THE DATA:
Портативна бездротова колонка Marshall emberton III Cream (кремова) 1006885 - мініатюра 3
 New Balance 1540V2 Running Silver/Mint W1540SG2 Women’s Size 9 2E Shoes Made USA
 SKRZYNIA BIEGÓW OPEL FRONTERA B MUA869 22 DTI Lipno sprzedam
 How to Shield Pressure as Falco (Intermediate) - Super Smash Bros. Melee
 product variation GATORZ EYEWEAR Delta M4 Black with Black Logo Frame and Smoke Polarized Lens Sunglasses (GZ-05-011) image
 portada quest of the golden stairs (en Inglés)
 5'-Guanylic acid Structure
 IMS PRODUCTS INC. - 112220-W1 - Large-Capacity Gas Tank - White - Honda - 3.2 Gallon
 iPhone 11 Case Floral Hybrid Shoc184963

TASK DESCRIPTION:
Write the line containing "IMS PRODUCTS INC." and all the lines after it out again, word for word, through the end of the material, and nothing besides.

THE ANSWER:
 IMS PRODUCTS INC. - 112220-W1 - Large-Capacity Gas Tank - White - Honda - 3.2 Gallon
 iPhone 11 Case Floral Hybrid Shoc184963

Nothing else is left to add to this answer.